Fractional Ownership – What needs to be considered?
Especially in these days of global economical crisis, an investment concept like Fractional Ownership might benfit from buyers becoming more and more sensibel regarding the actual costs and the potential risks of their investment.
Whenever a buyer considers to invest in such fractional ownership structur, prior to signing of any legal document, understanding of the basic legal principles of this specific ownership structure is highly recommended.
Basically, fractional ownership is described as method of co-owning a single or several assets by more than one individual or entity - a group of investors. Usually a legal entity legally owns the asset, e.g. a residential holiday home, a leisure yacht or a private jet, wherby such legal entity is controlled through a number of investors who become shareholders and therefore indirect owners of the asset.
The costs and use of the asset is shared amongst the shareholders in relation to the percentage shareholding. The shareholders are the indirect owners of the asset, and therefore control all aspects of the property through a private company. Typically, the company grants its shareholders certain time periods to utilize the asset by means of a shareholders’ agreement.
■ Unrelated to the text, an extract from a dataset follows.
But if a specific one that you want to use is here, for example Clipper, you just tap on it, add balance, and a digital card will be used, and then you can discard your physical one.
Widely misunderstood is the difference between Fractional ownership and Time Share. Generally spoken, the major difference is that time share buyers buy time in an asset, whereby fractional owners actually indirectly own (a part) of the property, yacht or jet through their stake in the asset owning company.
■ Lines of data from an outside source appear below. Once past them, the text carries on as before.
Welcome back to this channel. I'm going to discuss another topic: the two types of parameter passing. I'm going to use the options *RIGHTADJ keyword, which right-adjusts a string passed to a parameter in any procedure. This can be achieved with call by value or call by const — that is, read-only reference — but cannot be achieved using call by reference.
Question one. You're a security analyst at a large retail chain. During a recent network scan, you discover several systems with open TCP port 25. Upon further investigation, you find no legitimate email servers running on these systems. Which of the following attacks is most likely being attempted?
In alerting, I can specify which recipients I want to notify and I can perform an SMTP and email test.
A fractional owner may sell or bequeath its interest and even benefit from the appreciation of the asset´s value, whereby time share typicall does not offer the described advantages due to legal or market reasons. Basically time share buyers receive only a timely limited right to use a specific property which extinguishes after a certain period of time unless the buyer decides to „buy new time“.
Naturally, these considerable differences will be reflected in an higher price of fractional ownership compared to time share.
In regard to the legal documentation to be executed when buying fractional ownership interest, a buyer typically is required to sign a share sale and purchase agreement as well as a shareholders agreement under which important points as terms of payment for the shares in the asset owning company will be outlined as well as provisions stipulating under which conditions each and every shareholder shall be entitled to use the asset, what proportion of the occuring management and maintenance fees need to be paid and processing of a resale of individual share interest by single shareholders. In this context the agreements should also be carefully examined in regard to consequences which may occur in the event single shareholders are in default including but not limited to their payment obligations regarding management and maintenance of the company´s asset.
Summarizing, fractional ownership might gain in popularity as an economical way to enjoy and realize your personal dream also in times of a worldwide economic slowdown.